* Data for this exercise

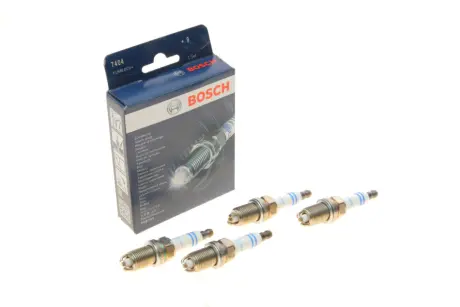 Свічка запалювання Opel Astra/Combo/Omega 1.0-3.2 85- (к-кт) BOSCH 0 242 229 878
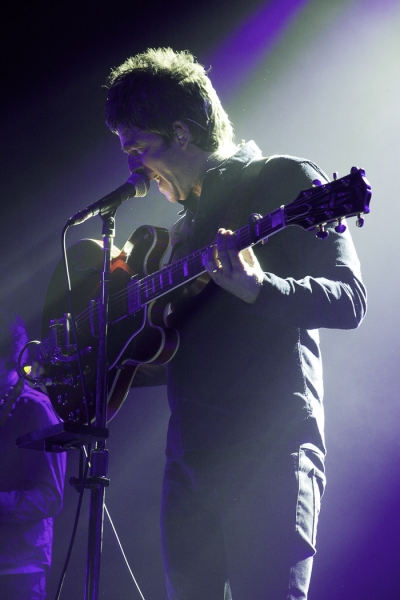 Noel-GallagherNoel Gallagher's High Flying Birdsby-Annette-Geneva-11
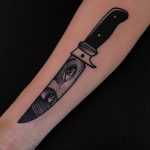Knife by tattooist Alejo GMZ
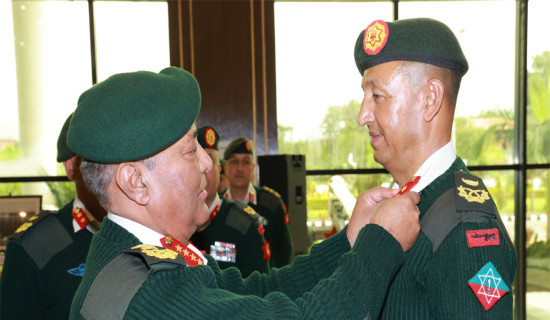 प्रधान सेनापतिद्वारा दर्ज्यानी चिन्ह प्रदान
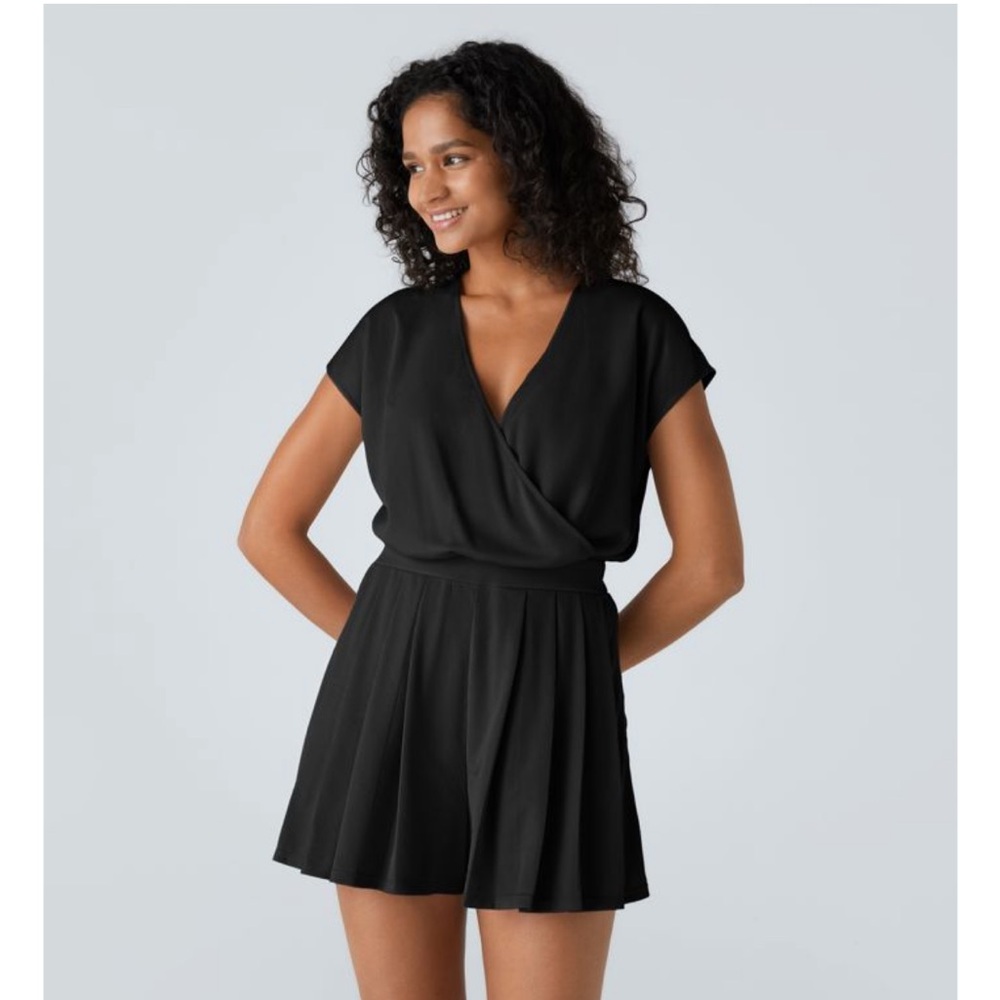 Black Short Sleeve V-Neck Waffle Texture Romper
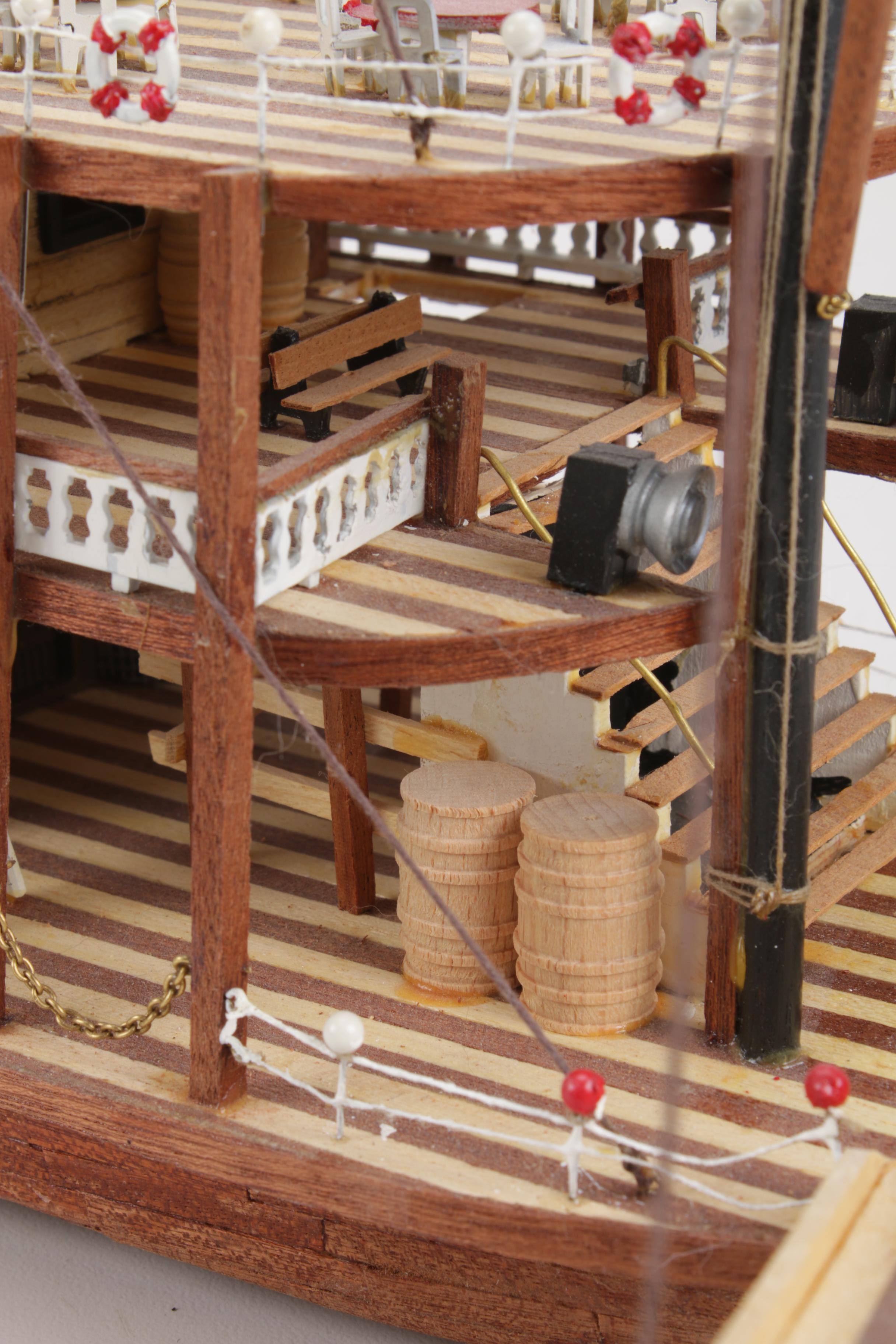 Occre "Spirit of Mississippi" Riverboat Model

* Work to complete
The whole listing should be retyped word for word; none of its pictures belong in the copy.

* Written response
 Свічка запалювання Opel Astra/Combo/Omega 1.0-3.2 85- (к-кт) BOSCH 0 242 229 878
 Noel-GallagherNoel Gallagher's High Flying Birdsby-Annette-Geneva-11
Knife by tattooist Alejo GMZ
 प्रधान सेनापतिद्वारा दर्ज्यानी चिन्ह प्रदान
 Black Short Sleeve V-Neck Waffle Texture Romper
 Occre "Spirit of Mississippi" Riverboat Model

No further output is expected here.